En 2010, nous étions loin d’imaginer l’engouement que provoquerait le premier album de Local Natives, Gorilla Manor. Ce fut une très bonne surprise. Au départ, les cinq Californiens originaires de Silverlake surfaient sur la vague afro-pop synthétique à la Yeasayer, Vampire Weekend voire MGMT… Mais en mettant de côté leur apparence de musiciens hipsters, la profondeur inhabituelle de leurs harmonies vocales, tout en équilibre sur leurs rythmes tribaux complexes, ne manquait pas d’audace, finissant progressivement par convertir une audience de plus en plus large et méritée, grâce à leurs premières parties de The National et Arcade Fire.
Devenu quatuor depuis le départ du bassiste Andy Hamm en 2011, le groupe a redoublé d’effort pour se réinventer sur ce second album, qui les aura mobilisés du désert de Joshua Tree jusqu’à Montréal et New York.
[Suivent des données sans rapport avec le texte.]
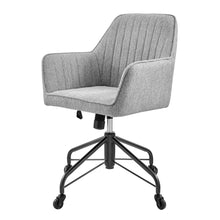 Load image into Gallery viewer, Thompson Fabric Swivel Office Arm Chair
Indéniablement, les quatre musiciens prennent encore de la hauteur sur Hummingbird (trad : colibri), avec des arrangements de plus en plus fouillés. Enregistré sous la houlette du co-producteur brooklynois Aaron Dessner (The National), Hummingbird est une Å“uvre collective débordant d’ambition, avec toujours son lot de mélodies sensibles qui font mouche, prises dans une vertigineuse avalanche d’arrangements psyché folk. Frissons garantis sur les monumentaux « Wooly Mammoth » et « Breakers », qui contrastent avec les ultimes ballades de l’album, les poignantes et recueillies « Bowery » et « Colombia ». Cette fois, nous étions bien décidés à ne pas rater ces oiseaux rares.
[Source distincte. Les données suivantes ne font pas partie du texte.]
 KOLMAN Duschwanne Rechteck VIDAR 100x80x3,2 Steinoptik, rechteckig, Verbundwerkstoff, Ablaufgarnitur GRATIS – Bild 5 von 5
Pinkushion : Le groupe a migré vers le nord-est du pays pour enregistrer ce deuxième album. Pourquoi avez-vous décidé de quitter le soleil de Silverlake et la côte Ouest ?
Taylor Rice (guitare, voix, basse) : Nous vivons toujours à Silverlake et y avons écrit notre album là-bas. On a construit un petit studio pour répéter et enregistrer nos démos. Mais nous savions dès le départ qu’il fallait quitter Los Angeles, partir ailleurs. On voulait ouvrir nos esprits, sortir de notre confort. Partir quelque part où nous pourrions nous concentrer sur notre musique, aller vers de nouvelles perspectives. La raison pour laquelle nous avons choisi Montréal et New York, est le travail avec Aaron Dessner de The National. Nous l’avions rencontré lors de notre tournée avec son groupe. On a commencé à plaisanter sur une collaboration et finalement l’idée d’enregistrer ensemble est devenue très sérieuse. Nous avons des amis communs à Montréal, nous y avons enregistré quelques chansons dans des conditions très live. Puis, nous sommes allés travailler dans la maison d’Aaron à Brooklyn. On s’était installés dans son grenier pour dormir. Dans l’arrière-cour, il a transformé son garage en véritable studio.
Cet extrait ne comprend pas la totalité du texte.